ANN in practice

In order to begin ANN training, test data is needed. Given that this type of classification method is supposed to be good at classifying distorted or noisy images, we decided to attempt to classify the images here:

They are hand-crafted text files that contain shaped blocks, created from the characters 1 and 0. When they are stored on HDFS, the carriage return characters are removed so that the image is presented as a single line vector. So, the ANN will be classifying a series of shape images and then will be tested against the same images with noise added to determine whether the classification will still work. There are six training images, and they will each be given an arbitrary training label from 0.1 to 0.6. So, if the ANN is presented with a closed square, it should return a label of 0.1. The following image shows an example of a testing image with noise added.
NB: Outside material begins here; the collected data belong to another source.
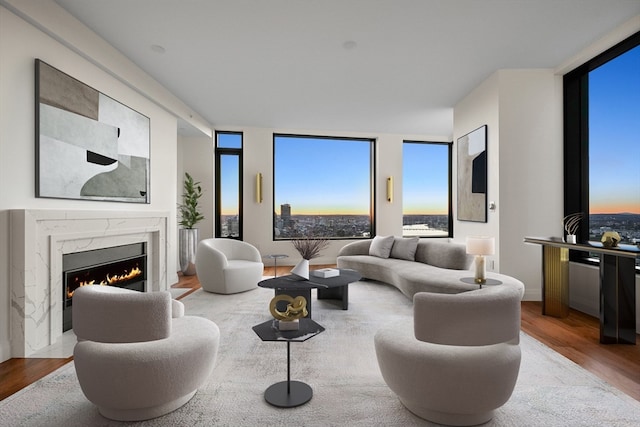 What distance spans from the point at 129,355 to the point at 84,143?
259 centimetres

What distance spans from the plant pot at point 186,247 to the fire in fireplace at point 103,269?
4.54ft

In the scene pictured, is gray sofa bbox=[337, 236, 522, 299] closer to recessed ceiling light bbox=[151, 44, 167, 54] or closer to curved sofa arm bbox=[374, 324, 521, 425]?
curved sofa arm bbox=[374, 324, 521, 425]

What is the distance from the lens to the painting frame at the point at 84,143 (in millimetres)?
2900

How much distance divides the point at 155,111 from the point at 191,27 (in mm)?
1947

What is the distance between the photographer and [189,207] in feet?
21.0

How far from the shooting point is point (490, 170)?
4500 mm

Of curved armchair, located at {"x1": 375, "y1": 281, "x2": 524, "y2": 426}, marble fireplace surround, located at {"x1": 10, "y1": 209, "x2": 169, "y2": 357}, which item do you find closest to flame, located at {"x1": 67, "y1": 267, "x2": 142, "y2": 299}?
marble fireplace surround, located at {"x1": 10, "y1": 209, "x2": 169, "y2": 357}

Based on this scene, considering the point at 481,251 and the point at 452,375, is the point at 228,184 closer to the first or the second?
the point at 481,251

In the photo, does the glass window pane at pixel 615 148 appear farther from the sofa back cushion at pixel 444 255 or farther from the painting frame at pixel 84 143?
the painting frame at pixel 84 143

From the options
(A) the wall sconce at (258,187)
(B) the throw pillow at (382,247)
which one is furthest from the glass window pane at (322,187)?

The noise, created by adding extra zero (0) characters within the image, has been highlighted:

As before, the ANN code is developed using the Linux Hadoop account in a subdirectory called spark/ann. The ann.sbt file exists in the ann directory:

[hadoop@hc2nn ann]$ pwd
/home/hadoop/spark/ann

[hadoop@hc2nn ann]$ ls
ann.sbt project src target

The contents of the ann.sbt file have been changed to use full paths of JAR library files for the Spark dependencies:

name := "A N N"
version := "1.0"
scalaVersion := "2.11.2"
libraryDependencies += "org.apache.hadoop" % "hadoop-client" % "2.8.1"
libraryDependencies += "org.apache.spark" % "spark-core" % "2.6.0"
libraryDependencies += "org.apache.spark" % "spark-mllib" % "2.1.1"
libraryDependencies += "org.apache.spark" % "akka" % "2.5.3"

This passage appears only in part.